| BRIEF |
Starting with the line that contains "1980 Bank of" and stopping after the line that contains "Chute and Dumpster", return each line below exactly as written, with no others.

| RECORDS FOR THIS EXERCISE |

⁂

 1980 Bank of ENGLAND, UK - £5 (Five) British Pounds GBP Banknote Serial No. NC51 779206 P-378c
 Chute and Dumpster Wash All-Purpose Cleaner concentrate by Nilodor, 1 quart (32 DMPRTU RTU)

⁂

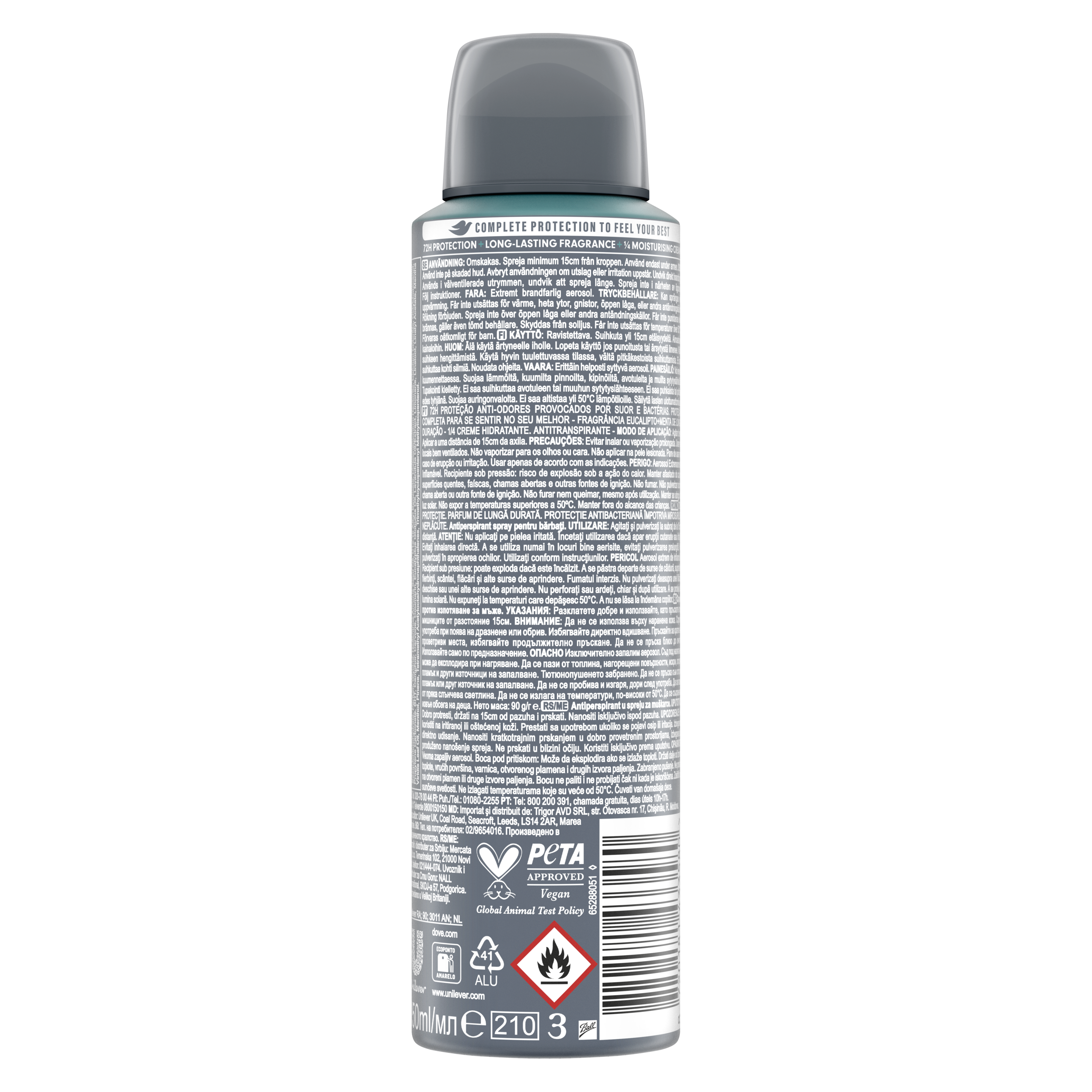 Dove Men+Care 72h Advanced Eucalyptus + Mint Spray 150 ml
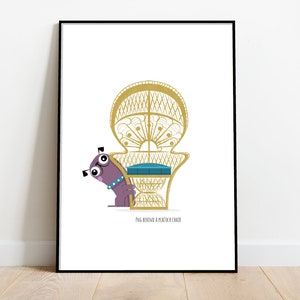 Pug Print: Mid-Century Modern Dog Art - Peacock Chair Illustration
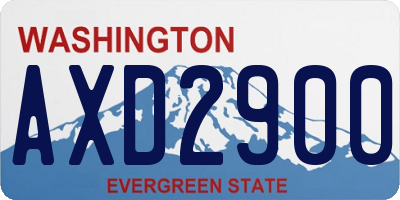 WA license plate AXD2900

⁂

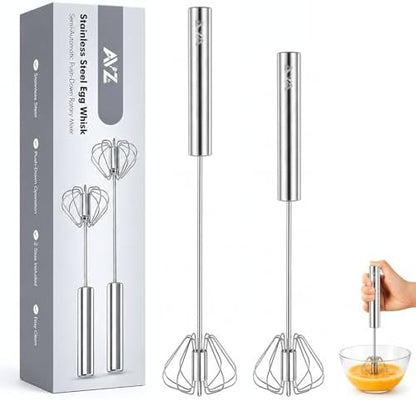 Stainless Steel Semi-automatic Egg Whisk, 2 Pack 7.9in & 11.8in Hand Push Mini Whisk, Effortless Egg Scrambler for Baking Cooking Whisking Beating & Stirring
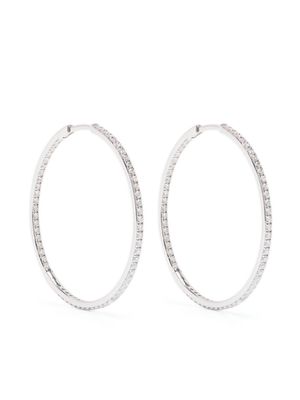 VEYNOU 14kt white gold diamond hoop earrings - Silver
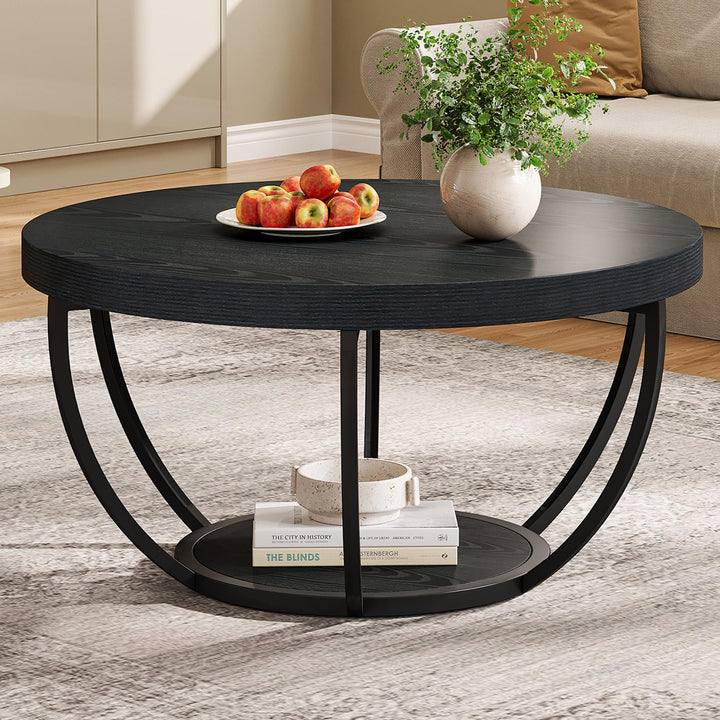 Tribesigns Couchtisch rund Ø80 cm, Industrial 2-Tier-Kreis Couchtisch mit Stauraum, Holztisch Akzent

⁂

| YOUR SOLUTION |
 1980 Bank of ENGLAND, UK - £5 (Five) British Pounds GBP Banknote Serial No. NC51 779206 P-378c
 Chute and Dumpster Wash All-Purpose Cleaner concentrate by Nilodor, 1 quart (32 DMPRTU RTU)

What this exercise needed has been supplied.